[[ EXTRACTED RECORDS open ]]
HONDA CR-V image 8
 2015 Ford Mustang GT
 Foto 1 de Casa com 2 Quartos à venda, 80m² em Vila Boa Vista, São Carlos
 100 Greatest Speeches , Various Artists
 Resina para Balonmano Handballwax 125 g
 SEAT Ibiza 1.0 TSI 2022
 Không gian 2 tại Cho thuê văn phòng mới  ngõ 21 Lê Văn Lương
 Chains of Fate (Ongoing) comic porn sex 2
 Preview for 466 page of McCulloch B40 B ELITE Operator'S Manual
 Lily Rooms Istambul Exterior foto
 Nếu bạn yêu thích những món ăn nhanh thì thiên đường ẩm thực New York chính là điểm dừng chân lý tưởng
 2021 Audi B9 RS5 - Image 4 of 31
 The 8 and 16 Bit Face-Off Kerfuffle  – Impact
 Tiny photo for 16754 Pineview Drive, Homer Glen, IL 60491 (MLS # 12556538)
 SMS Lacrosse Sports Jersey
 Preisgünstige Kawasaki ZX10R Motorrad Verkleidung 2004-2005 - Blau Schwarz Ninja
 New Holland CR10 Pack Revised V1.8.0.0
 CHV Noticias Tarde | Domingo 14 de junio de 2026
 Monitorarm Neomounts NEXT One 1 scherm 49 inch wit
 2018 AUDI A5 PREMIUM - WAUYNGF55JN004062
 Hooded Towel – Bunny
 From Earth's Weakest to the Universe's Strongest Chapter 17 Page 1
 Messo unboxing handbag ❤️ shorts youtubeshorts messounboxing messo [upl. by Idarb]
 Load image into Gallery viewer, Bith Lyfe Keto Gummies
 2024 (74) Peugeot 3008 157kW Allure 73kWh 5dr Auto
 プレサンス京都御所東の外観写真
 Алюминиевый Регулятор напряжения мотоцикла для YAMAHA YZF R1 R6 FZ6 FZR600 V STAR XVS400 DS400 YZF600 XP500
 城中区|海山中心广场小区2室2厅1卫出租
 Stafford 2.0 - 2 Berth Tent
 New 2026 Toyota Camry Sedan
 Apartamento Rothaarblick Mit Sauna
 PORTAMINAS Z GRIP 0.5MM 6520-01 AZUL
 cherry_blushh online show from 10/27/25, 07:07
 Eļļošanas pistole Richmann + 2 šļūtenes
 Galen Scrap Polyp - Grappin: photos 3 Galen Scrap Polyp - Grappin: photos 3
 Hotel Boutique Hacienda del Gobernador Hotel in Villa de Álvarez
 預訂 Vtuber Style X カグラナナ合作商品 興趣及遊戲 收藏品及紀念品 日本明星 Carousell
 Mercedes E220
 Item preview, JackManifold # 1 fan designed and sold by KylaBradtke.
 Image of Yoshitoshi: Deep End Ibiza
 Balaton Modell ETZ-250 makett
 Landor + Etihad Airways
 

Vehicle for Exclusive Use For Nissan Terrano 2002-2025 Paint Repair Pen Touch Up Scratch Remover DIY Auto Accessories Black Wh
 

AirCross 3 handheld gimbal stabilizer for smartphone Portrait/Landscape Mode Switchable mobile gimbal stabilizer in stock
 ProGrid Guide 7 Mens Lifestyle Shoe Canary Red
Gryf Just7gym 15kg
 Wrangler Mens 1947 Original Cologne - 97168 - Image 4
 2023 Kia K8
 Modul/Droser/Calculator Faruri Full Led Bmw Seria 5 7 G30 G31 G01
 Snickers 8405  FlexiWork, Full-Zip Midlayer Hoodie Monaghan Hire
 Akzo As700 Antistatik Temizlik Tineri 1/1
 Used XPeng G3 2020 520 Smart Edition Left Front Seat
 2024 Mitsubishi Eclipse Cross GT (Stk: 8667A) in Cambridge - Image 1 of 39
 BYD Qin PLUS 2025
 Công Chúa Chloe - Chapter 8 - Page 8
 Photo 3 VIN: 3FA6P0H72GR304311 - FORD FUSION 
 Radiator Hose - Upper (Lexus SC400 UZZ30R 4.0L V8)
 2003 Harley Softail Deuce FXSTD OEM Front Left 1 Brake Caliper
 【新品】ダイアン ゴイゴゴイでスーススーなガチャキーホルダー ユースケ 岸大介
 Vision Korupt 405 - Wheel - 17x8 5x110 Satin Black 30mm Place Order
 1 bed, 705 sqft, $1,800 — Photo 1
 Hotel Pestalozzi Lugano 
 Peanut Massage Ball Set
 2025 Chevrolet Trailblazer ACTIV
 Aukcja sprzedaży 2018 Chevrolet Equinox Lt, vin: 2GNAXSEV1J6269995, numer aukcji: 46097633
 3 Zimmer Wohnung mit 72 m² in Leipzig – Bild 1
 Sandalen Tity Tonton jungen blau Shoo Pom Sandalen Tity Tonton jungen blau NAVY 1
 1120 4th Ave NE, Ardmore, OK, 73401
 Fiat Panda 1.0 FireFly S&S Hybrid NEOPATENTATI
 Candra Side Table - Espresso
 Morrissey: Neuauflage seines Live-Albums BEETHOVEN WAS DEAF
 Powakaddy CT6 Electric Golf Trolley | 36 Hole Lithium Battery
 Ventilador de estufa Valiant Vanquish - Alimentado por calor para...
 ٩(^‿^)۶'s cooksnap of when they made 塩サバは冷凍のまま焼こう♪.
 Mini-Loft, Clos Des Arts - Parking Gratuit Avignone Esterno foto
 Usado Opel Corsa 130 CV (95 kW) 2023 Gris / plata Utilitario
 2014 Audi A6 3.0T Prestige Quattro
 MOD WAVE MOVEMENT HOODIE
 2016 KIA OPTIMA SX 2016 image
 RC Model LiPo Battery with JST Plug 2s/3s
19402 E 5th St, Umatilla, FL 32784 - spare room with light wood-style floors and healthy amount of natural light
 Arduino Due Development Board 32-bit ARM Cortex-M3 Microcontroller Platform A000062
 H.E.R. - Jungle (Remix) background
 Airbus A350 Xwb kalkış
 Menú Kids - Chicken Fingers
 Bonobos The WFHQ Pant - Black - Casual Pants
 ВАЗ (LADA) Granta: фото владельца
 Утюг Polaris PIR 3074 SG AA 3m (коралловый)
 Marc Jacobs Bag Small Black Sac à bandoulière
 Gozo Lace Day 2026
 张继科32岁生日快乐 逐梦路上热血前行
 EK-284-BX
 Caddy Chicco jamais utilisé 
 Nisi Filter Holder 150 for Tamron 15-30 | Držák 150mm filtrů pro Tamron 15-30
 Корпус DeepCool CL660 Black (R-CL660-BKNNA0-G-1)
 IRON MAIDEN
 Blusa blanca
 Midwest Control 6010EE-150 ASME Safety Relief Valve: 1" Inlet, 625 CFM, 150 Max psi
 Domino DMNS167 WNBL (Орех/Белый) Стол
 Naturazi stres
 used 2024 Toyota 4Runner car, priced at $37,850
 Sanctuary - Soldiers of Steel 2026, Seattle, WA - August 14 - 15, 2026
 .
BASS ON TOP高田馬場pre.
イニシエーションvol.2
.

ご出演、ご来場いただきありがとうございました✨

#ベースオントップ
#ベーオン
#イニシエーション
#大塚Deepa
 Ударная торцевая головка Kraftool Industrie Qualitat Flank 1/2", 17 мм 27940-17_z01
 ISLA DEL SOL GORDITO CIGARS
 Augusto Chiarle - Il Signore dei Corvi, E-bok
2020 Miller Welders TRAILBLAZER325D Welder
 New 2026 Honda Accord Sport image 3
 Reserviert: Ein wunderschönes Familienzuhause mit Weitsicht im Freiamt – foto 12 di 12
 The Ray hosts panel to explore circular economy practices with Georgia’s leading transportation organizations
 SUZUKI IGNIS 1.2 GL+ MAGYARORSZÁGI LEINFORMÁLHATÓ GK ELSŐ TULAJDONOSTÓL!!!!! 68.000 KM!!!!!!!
[[ EXTRACTED RECORDS closed ]]
*TASK TO CARRY OUT*
With the first line of the material as the start and the line containing "Chains of Fate (Ongoing) comic porn sex 2" as the end, repeat that span exactly and add nothing.

*ANSWER SPACE*
HONDA CR-V image 8
 2015 Ford Mustang GT
 Foto 1 de Casa com 2 Quartos à venda, 80m² em Vila Boa Vista, São Carlos
 100 Greatest Speeches , Various Artists
 Resina para Balonmano Handballwax 125 g
 SEAT Ibiza 1.0 TSI 2022
 Không gian 2 tại Cho thuê văn phòng mới  ngõ 21 Lê Văn Lương
 Chains of Fate (Ongoing) comic porn sex 2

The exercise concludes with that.